Top Ten Observations from the AGC IT Forum 16

By Christian Burger

  1. Let’s start with the obvious: Chicago offered up a beautiful couple of Summer days with the obligatory humidity and a stellar location for this year’s event, held at the architecturally interesting Radisson Blu/Aqua (designed by a local architect Jeanie Gang and built by Chicago local, McHugh). 
  2. The Exhibit hall was jammed with nearly 25 software vendors and service providers, all eager to share more about their products with the participants during breaks. Some of those informal discussions in the hall and with the vendors and other participants are just as valuable as the more formal talks.

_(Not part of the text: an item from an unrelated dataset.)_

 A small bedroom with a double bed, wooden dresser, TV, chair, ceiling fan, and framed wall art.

  3. This year’s IT Forum was a joint production with Northwestern University’s McCormick School of Engineering. For those who don’t know, McCormick has two Master’s level degree programs for construction professionals. Professor Ray Krizek, who was instrumental in designing the program, was at the conference to talk up his curriculum. Several alumni and instructors were on hand to answer questions and talk of their experiences…including your humble observer, myself.
  4. Ken Julien, a senior partner from Plante Moran, took the stage on Friday to talk about the IT Cost budgeting and also shared the results of the Burger Consulting/Plante Moran IT Cost study. Ken concluded with a call to action asking for attendees to participate in the IT Cost and Benchmarking study, and improve the overall database.

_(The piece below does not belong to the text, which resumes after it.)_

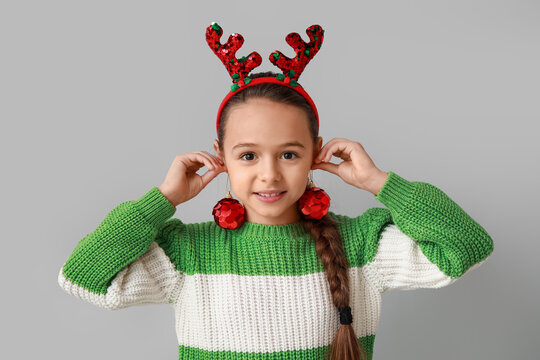 Cute little girl in reindeer horns with Christmas balls on grey background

  5. I had the privilege of introducing John Jurwicz, from Walbridge in Detroit, along with two of his colleagues, Mike Halleran and Mario. They talked extensively about the role of Lean processes and how it impacts traditional processes. They made it clear that prefabrication figures prominently in the effort to reduce or eliminate waste. John brought the topic back around to the IT managers in the room to discuss the impact of Lean on IT Infrastructure. I could not help but see the impact on ERP and solutions in general.
  6. One of the highlights for me was Joe Olecek’s presentation on Cyber Threat and security. He instilled both respect and fear in the audience and myself. Respect, for his awareness of the threats that exist, and fear of what can happen. Joe was able to acquire a password and decrypt it with a super-powered desktop machine in under ten seconds. It really drove home the point that most of the passwords we all use can be defined by one word: LAME.

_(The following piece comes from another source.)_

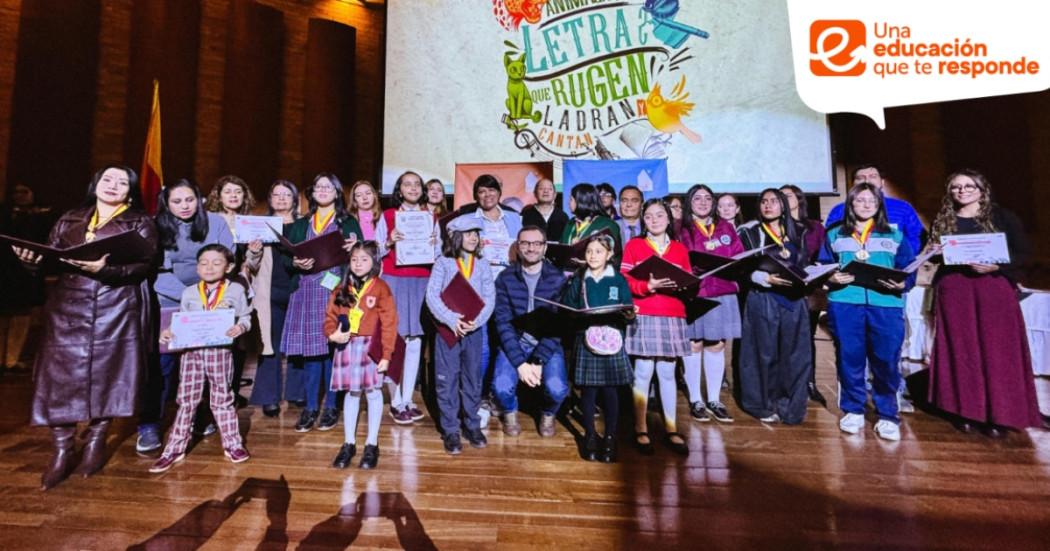 Foto que muestra personas reunidas en una tarima con diplomas en la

  7. I had the opportunity to join The IT Forum Steering Committee, headed by Howie Perisma, at a dinner at the Kitchen:  a unique farm-to-table restaurant that focuses on local growers. The food and wine were both outstanding. During dinner, Michael from the Kitchen shared the restaurant’s story concerning how they work with Chicago City school students to help them learn to garden, and teach them where good nutritious food comes from. It was an inspiring tale. Participants got to enjoy a nice skyline view of the city and the river. At the end, Pepper Construction and Burger Consulting Group picked up the tab, making the dinner even sweeter for the rest of the participants ;).
  8. A perennial favorite was the Fab Four, four of our distinguished Committee members, all CIOs or IT professional talking on a topic of their choosing. This year the focus was on IT Staffing and the changing role of IT within an organization. It was a thought-provoking session that pointed out the way in which the role of IT professionals has evolved over the years, moving from a focus on infrastructure and servers to software and the user community.  We got to see a number of different IT organization charts to help clarify.
  9. Mark Sawyer from Trimble, the other keynote presenter, gave an outstanding overview of IT Trends impacting construction. What I thoroughly appreciated from this talk was the fact that he used McKinsey’s recent publication on the Impact of Technology on Building. It was an outstanding forecast piece (I wished I had written it) and he used a number of trends and statistics from the work. His talk, as intended, got the attendees thinking forward and provided insights into what may be yet to come. Mark was a self-effacing speaker, perfect for the construction audience.
  10. Burcin Kaplanglu, on loan for the day from Lend Lease, was another Northwestern speaker who gave a compelling talk around Internet of Things (IoT), which will be arriving on our construction shores very soon. Burcin’s talk, technical at times, pointed out that we cannot get to big data and true IoT unless we have the bandwidth to connect devices from the job site and elsewhere. Enter the promise of 5G.

Nice job Fara Francis and AGC. This was one of the best conferences on IT for the construction industry I have attended…and several attendees shared the same sentiment.